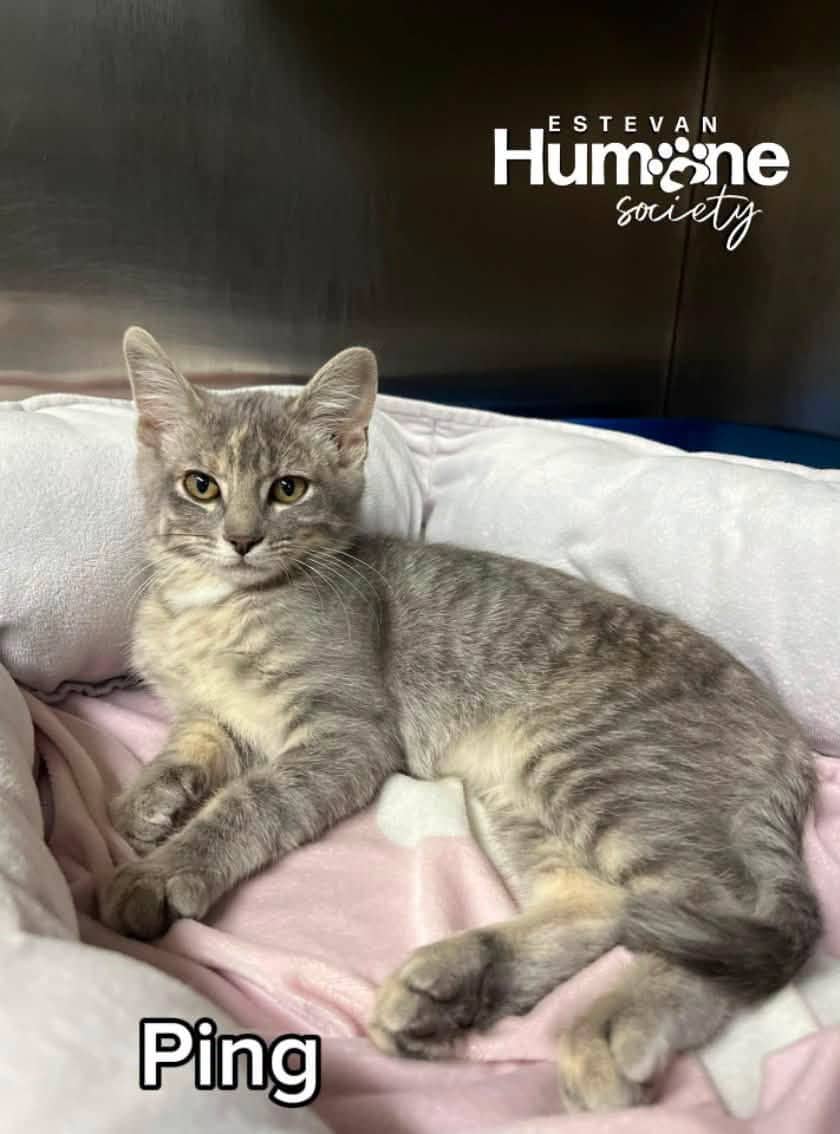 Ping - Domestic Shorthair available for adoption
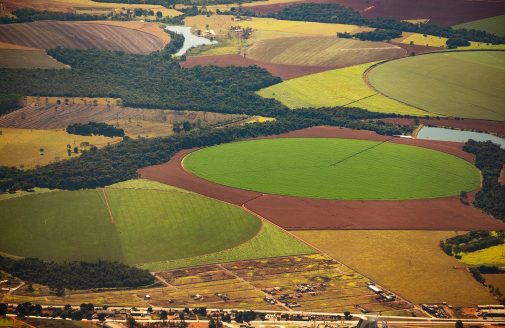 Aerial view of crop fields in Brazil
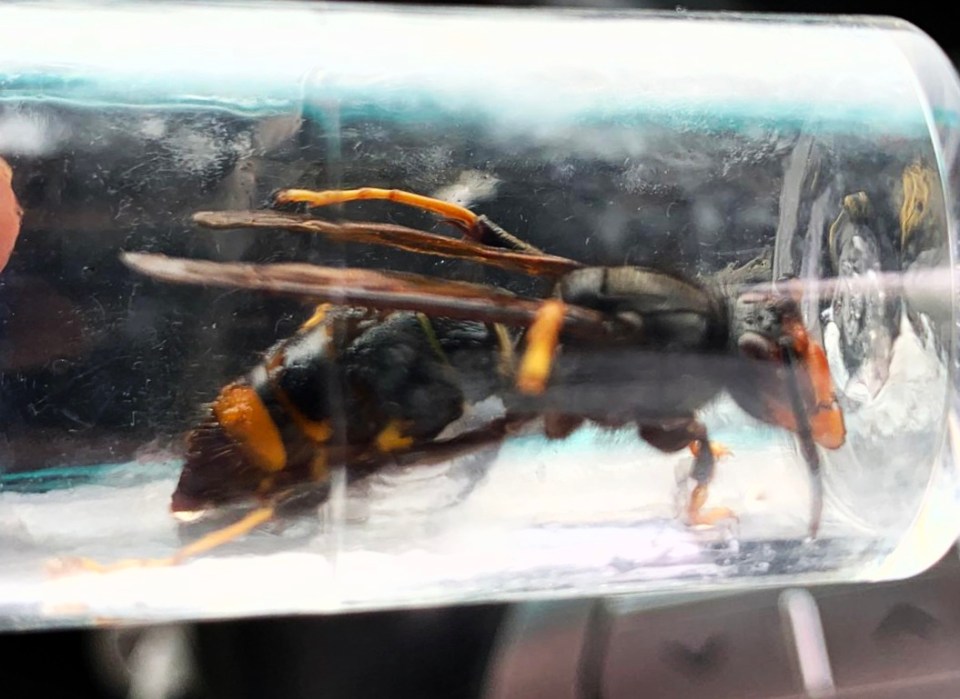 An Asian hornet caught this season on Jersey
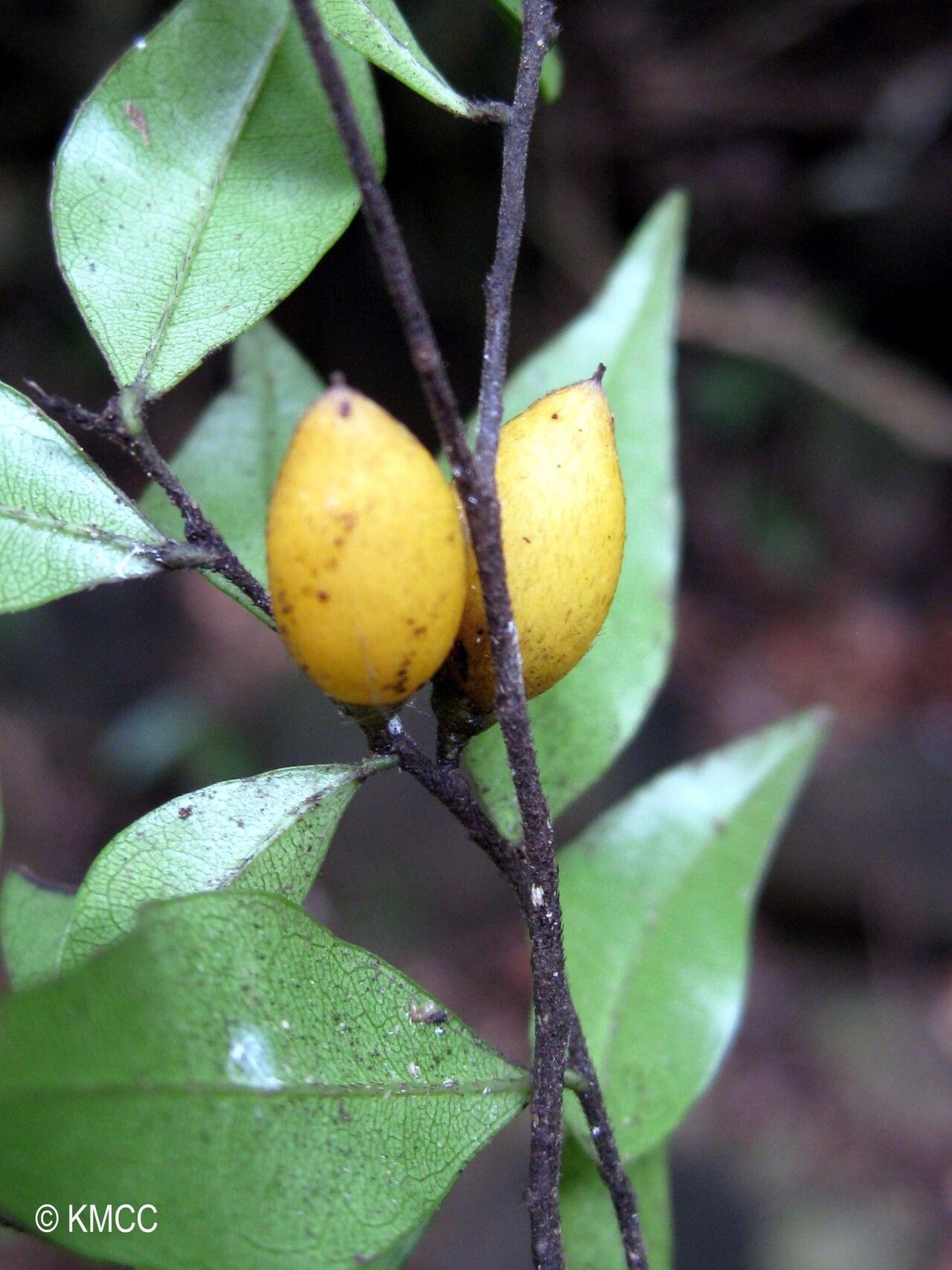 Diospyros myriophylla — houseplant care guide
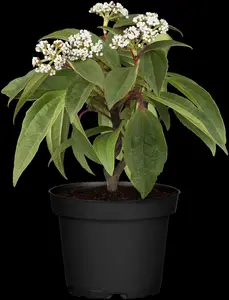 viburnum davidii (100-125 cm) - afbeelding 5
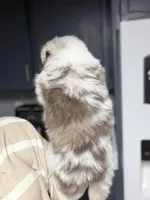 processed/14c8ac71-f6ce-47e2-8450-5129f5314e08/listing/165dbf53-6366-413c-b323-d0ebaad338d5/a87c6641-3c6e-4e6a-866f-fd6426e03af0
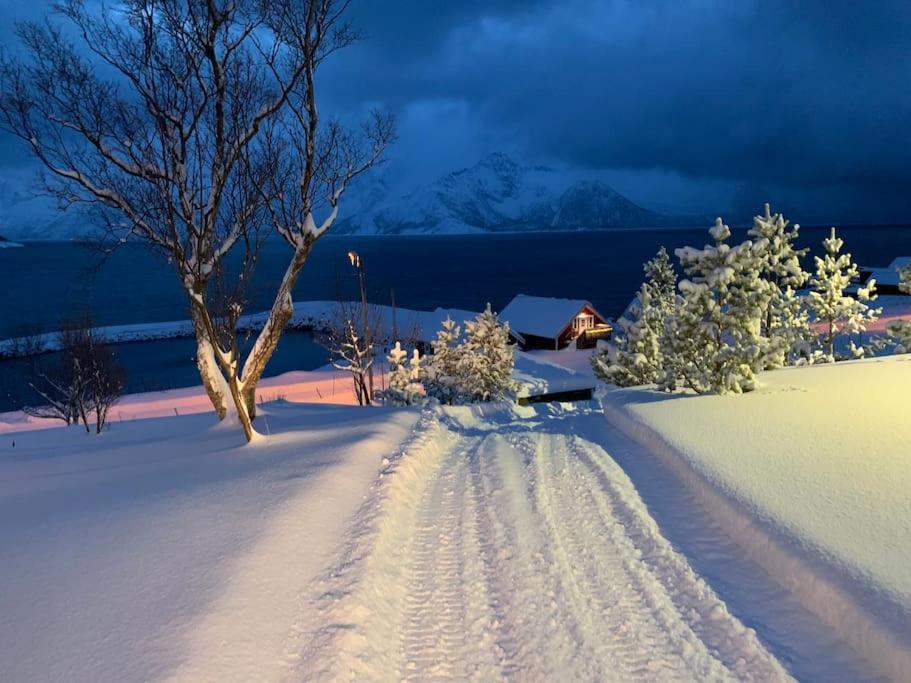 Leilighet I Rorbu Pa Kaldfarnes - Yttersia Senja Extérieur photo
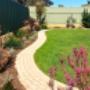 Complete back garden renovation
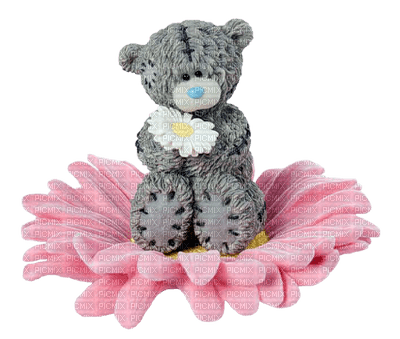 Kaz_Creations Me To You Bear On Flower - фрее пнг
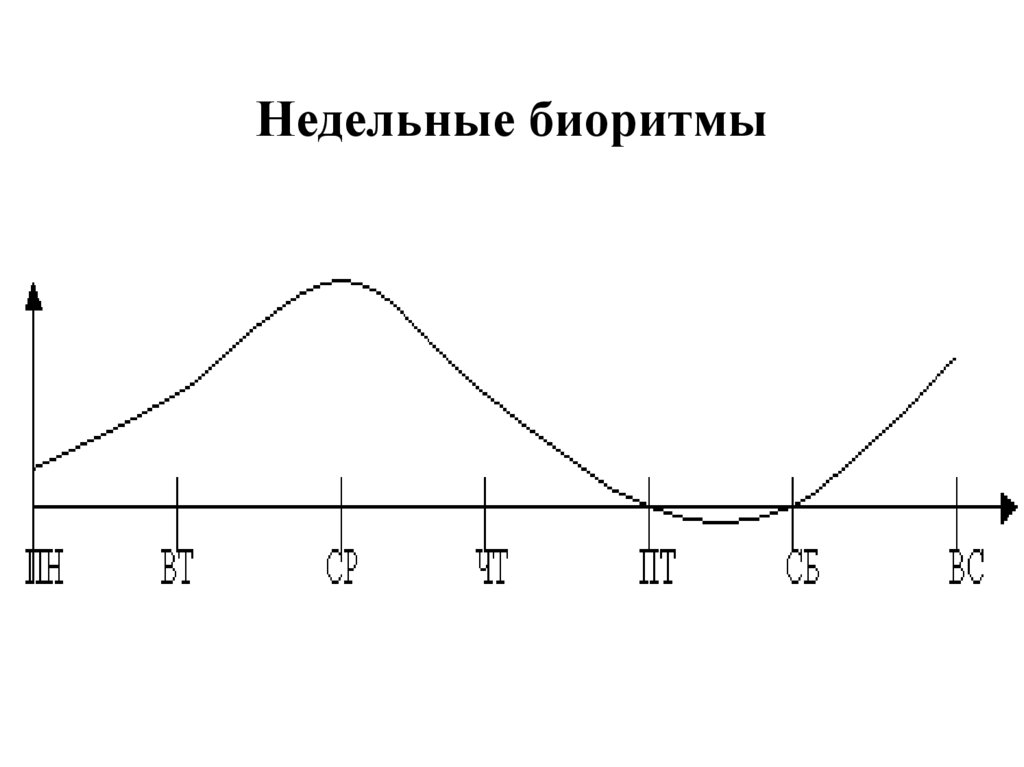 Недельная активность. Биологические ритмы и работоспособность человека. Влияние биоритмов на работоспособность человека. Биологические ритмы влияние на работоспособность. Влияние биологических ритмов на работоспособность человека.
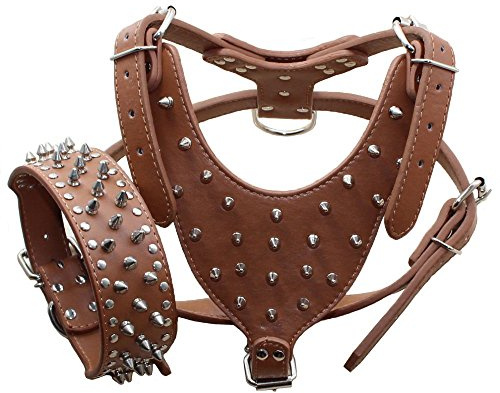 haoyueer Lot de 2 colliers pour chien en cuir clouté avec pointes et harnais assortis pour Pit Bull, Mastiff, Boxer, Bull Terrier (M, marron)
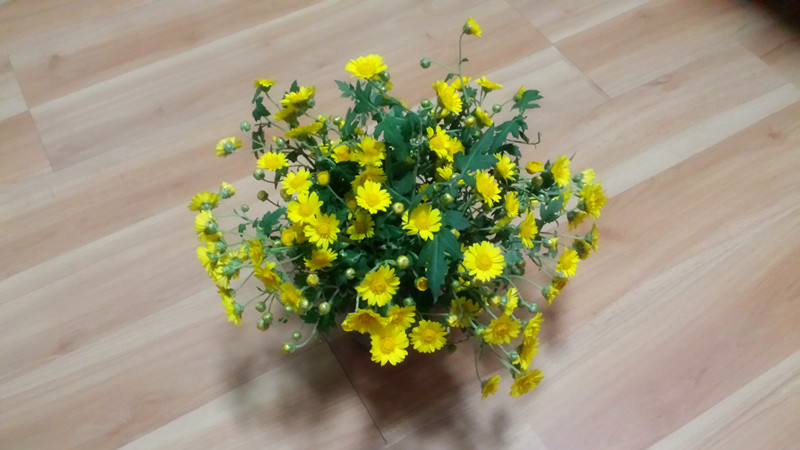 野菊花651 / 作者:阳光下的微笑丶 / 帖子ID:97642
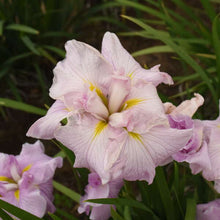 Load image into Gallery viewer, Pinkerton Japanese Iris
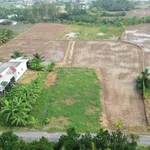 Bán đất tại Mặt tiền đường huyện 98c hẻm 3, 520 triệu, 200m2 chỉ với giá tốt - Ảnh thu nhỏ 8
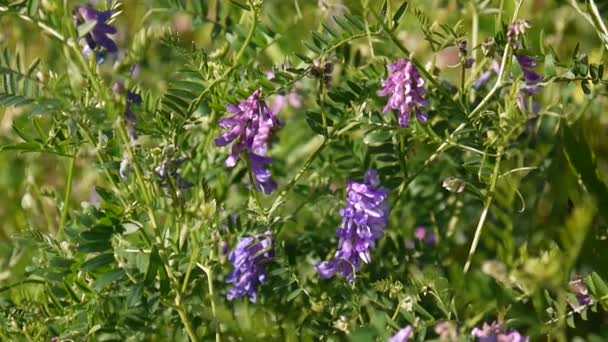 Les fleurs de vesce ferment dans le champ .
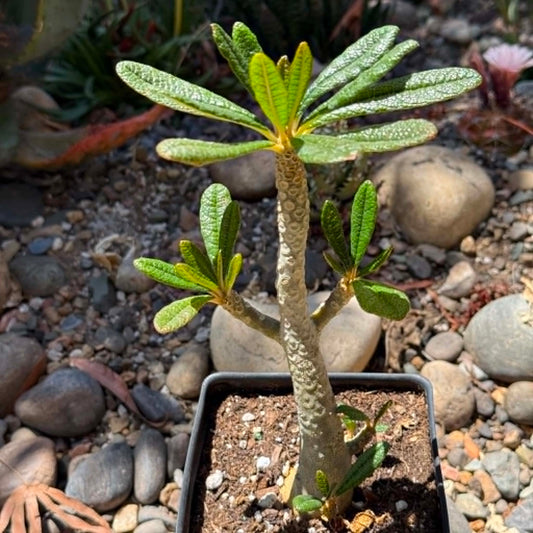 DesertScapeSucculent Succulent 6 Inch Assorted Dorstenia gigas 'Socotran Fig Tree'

» EXERCISE OBJECTIVE: Return the stretch of data that begins with the line showing "Aerial view of crop fields in Brazil" and goes on through the line showing "viburnum davidii (100-125 cm) - afbeelding 5", exactly, with pictures removed.

» RESULT FOR THIS TASK:
 Aerial view of crop fields in Brazil
 An Asian hornet caught this season on Jersey
 Diospyros myriophylla — houseplant care guide
 viburnum davidii (100-125 cm) - afbeelding 5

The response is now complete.